What you write should be an exact repeat of the lines from the one with "Dickies Carpenter Jeans NWT - Picture 4 of 5" through the final line below, minus the pictures.

■ ■ ■ ■

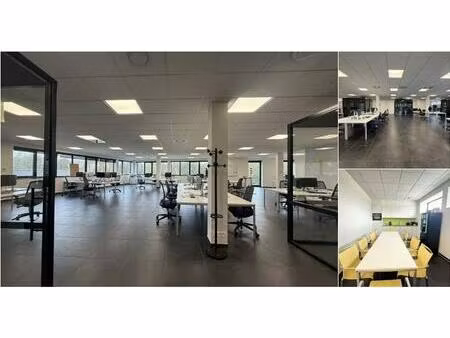 bureaux à louer à baron van loolaan 15 evergem (rbv22813)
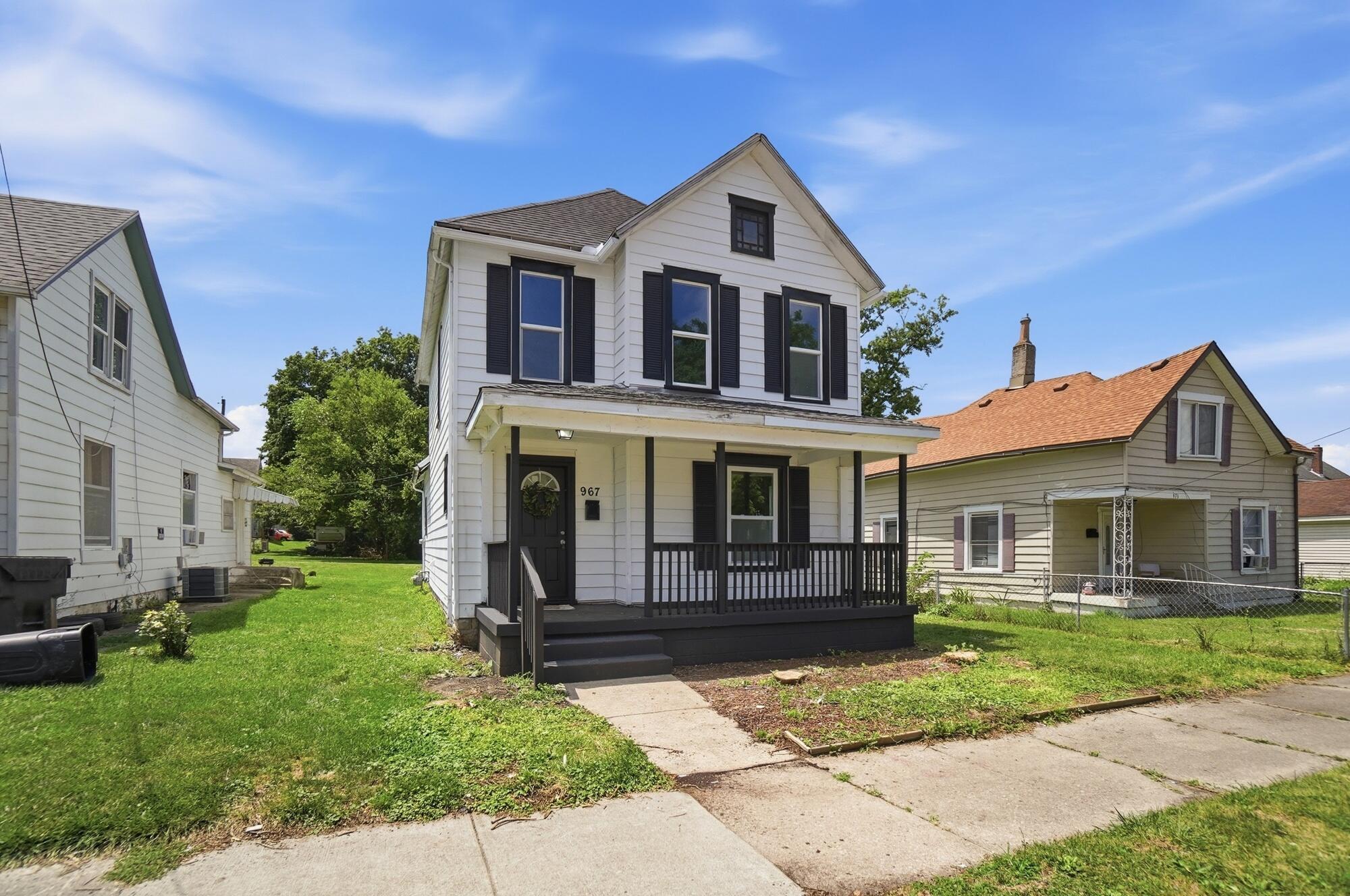 967 James, Springfield, Ohio 45503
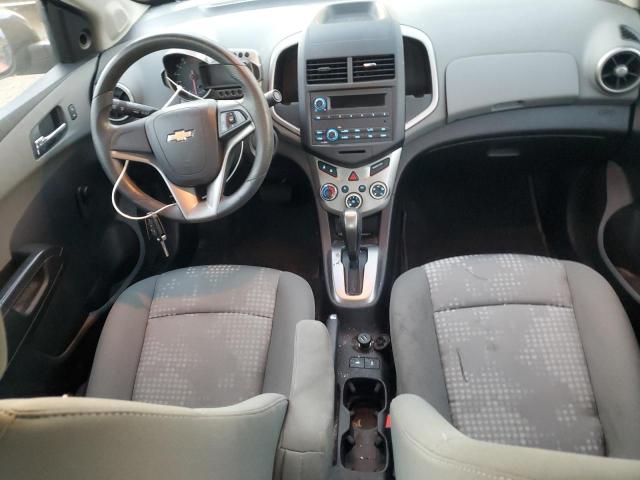 Photo 8 from auction – 2014 CHEVROLET SONIC LS with VIN 1G1JA5SH0E4231779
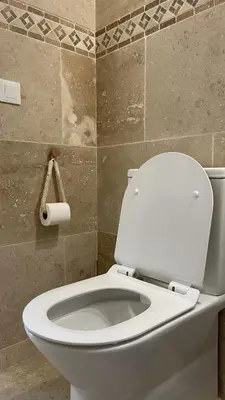 Salle de bains dans l'établissement Insolite : Gîte Namaste à 500m à pied du Zoo de Beauval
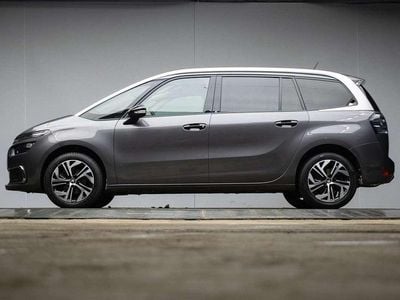 Occasion Citroën C4 SpaceTourer PureTech 131 PK (96 kW) 2019 Grijs MPV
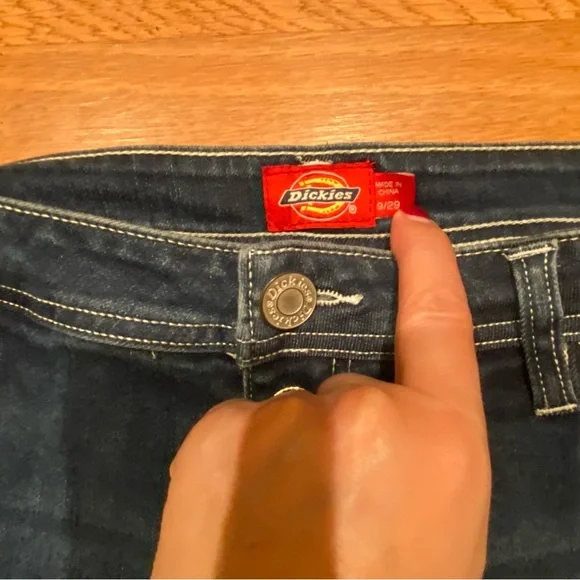 Dickies Carpenter Jeans NWT - Picture 4 of 5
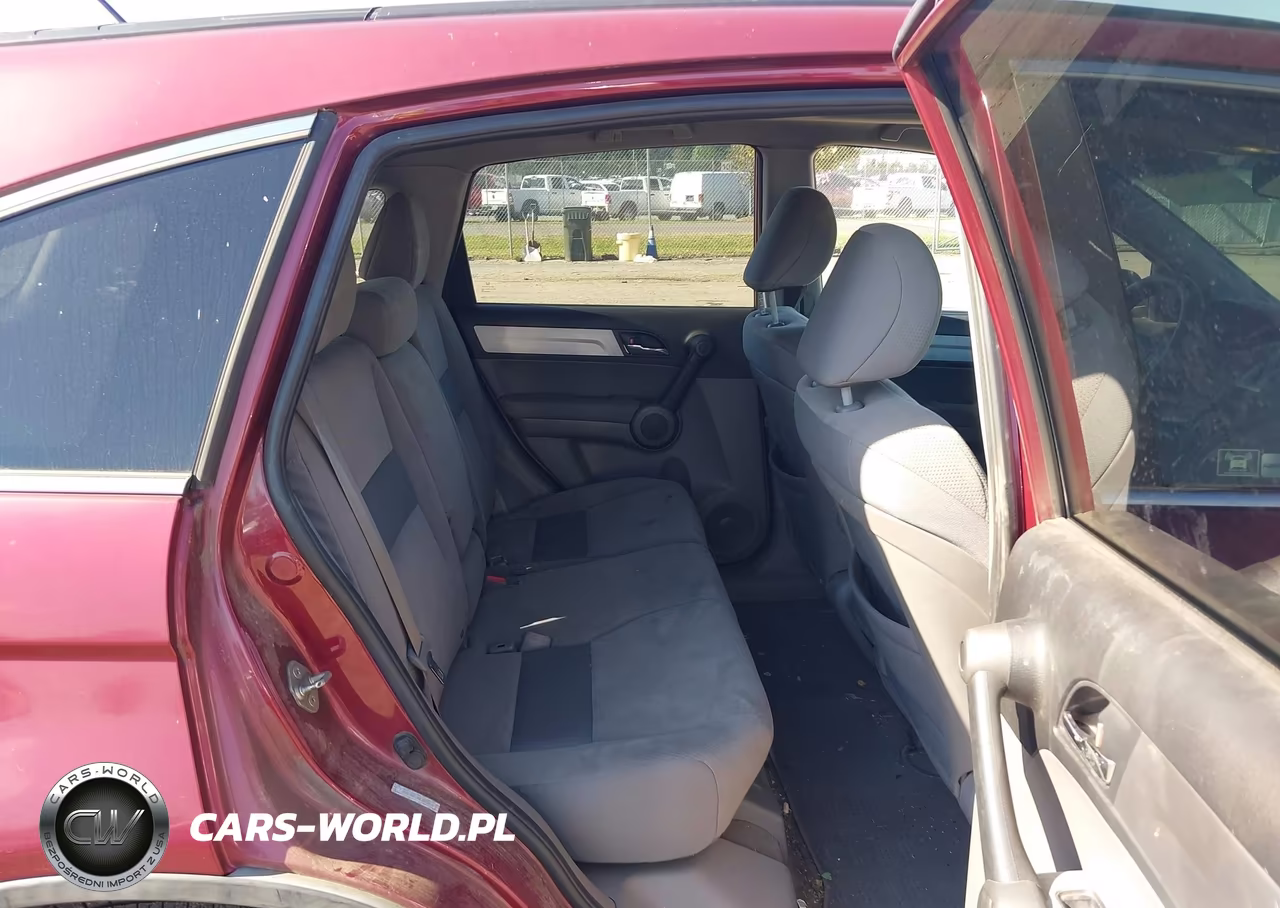 2010 Honda Cr-V Ex VIN:5J6RE4H52AL053616 - 8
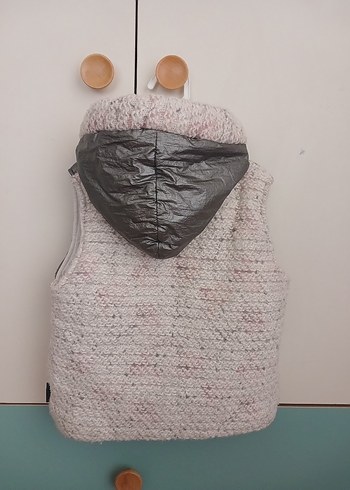 Kız Çocuk Yelek - Görsel 3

■ ■ ■ ■

*Answer to this problem:*
 Dickies Carpenter Jeans NWT - Picture 4 of 5
 2010 Honda Cr-V Ex VIN:5J6RE4H52AL053616 - 8
 Kız Çocuk Yelek - Görsel 3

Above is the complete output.